Problem description — After finding "The Caribbean Court" in the material below, output its line and every line after it through the last, exactly, but not the pictures.

----- Provided material -----

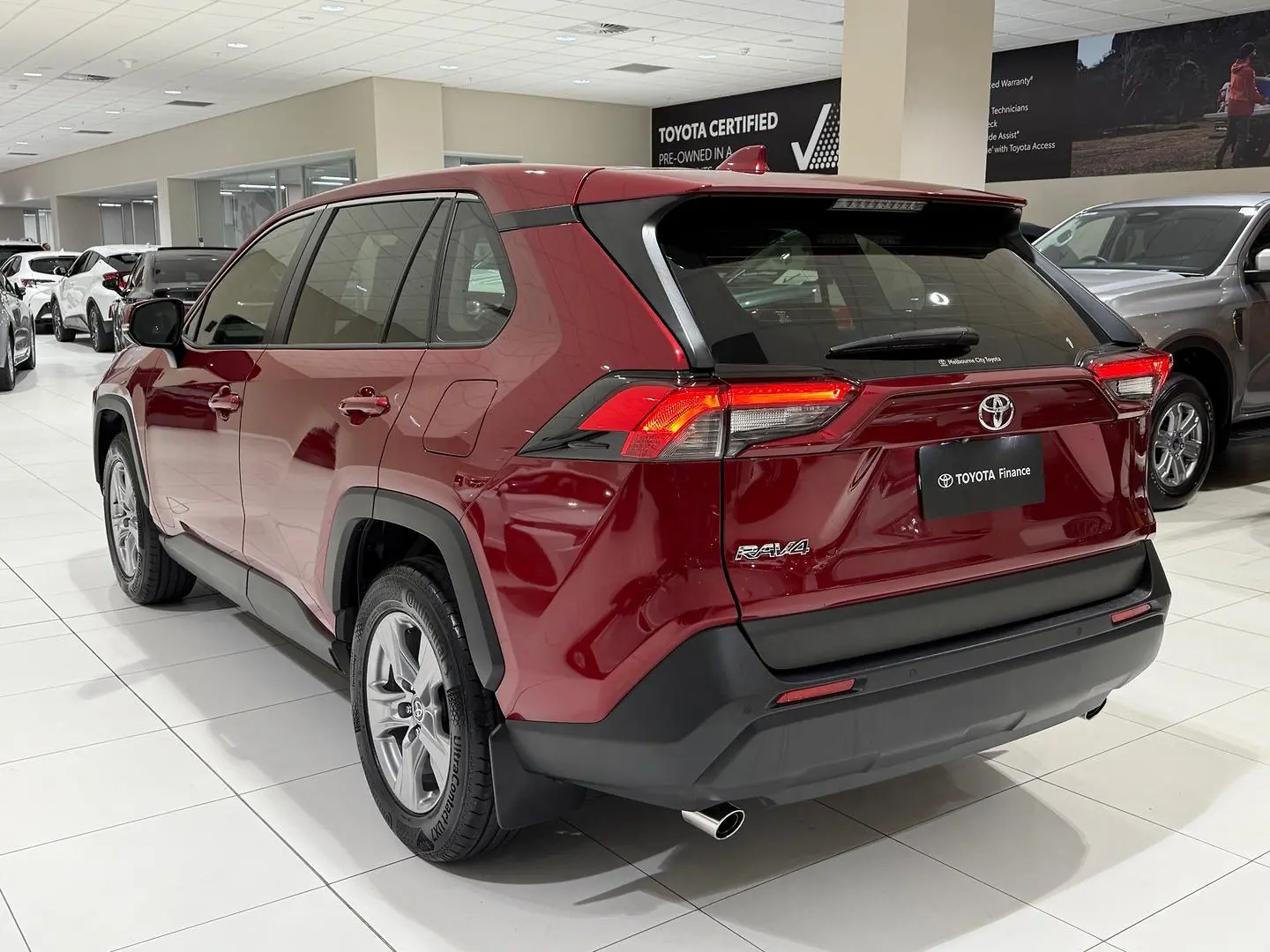 2023 Toyota RAV4 Gallery Image 8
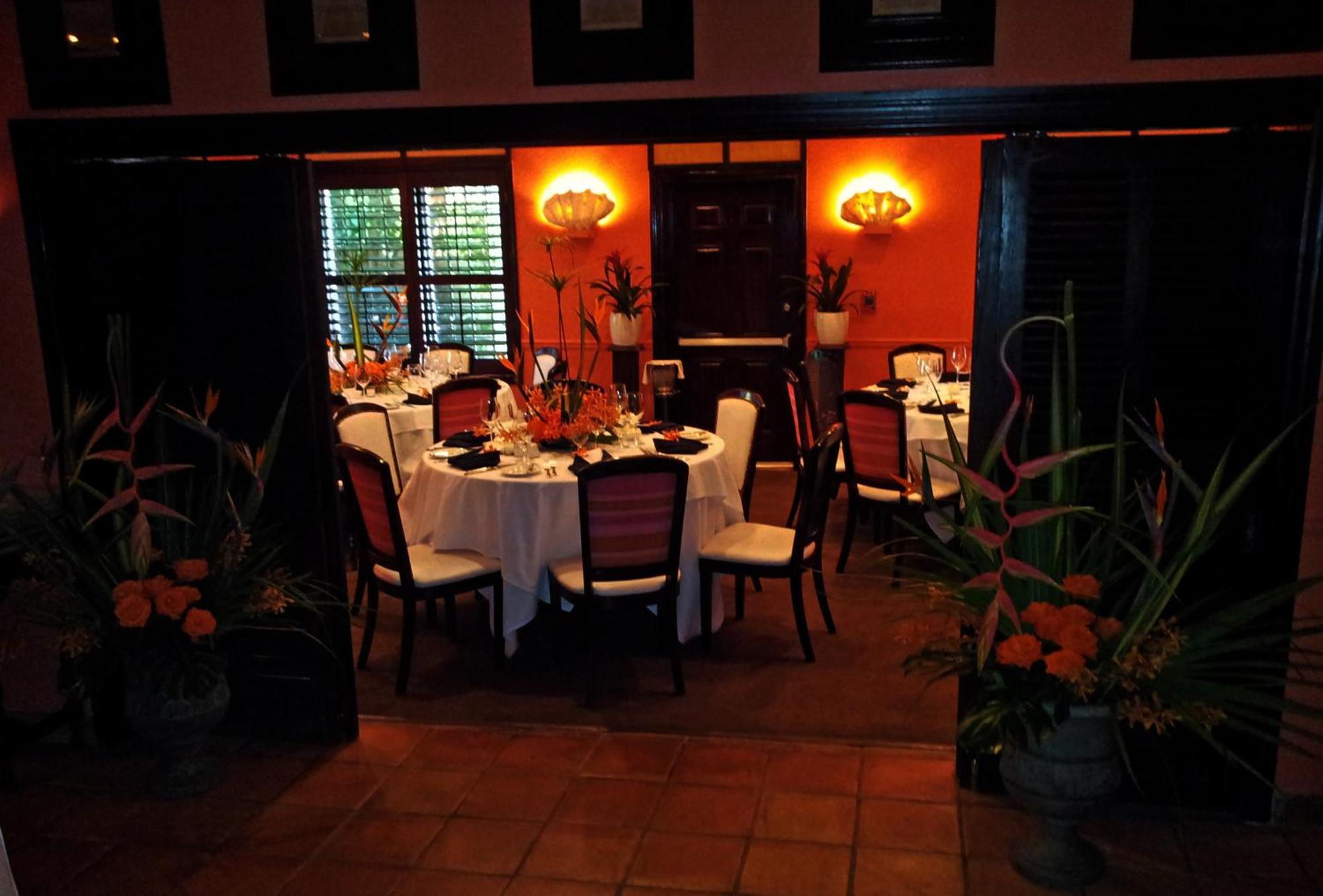 The Caribbean Court Boutique Hotel Vero Beach Room photo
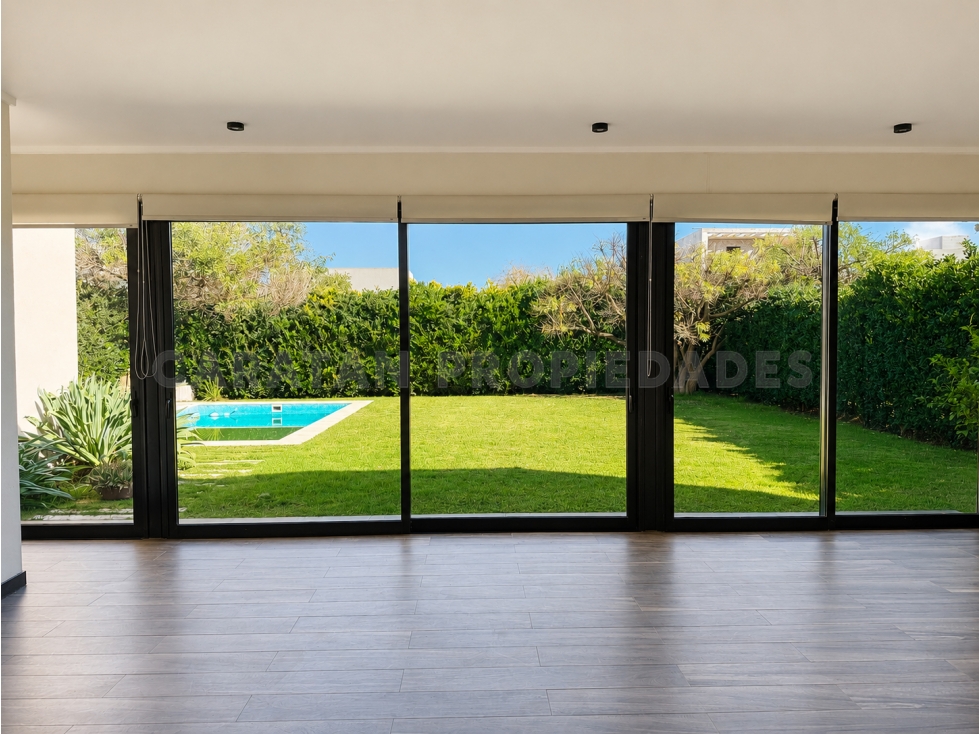 Casa en VENTA - Barrio San Sebastian - 3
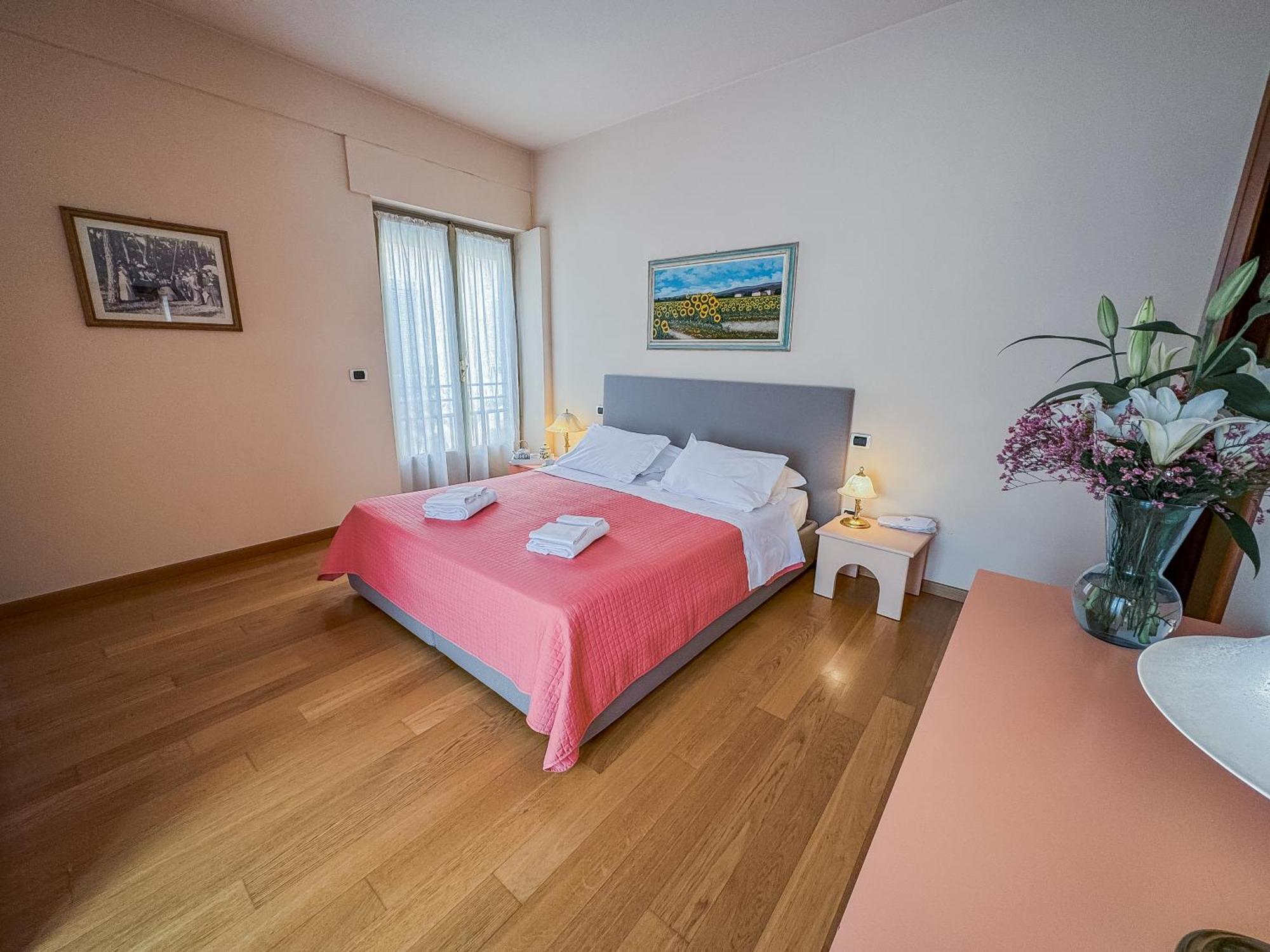 Casa Paolina Aparthotel Lucca Exteriör bild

-----

Answer to this problem —
 The Caribbean Court Boutique Hotel Vero Beach Room photo
 Casa en VENTA - Barrio San Sebastian - 3
 Casa Paolina Aparthotel Lucca Exteriör bild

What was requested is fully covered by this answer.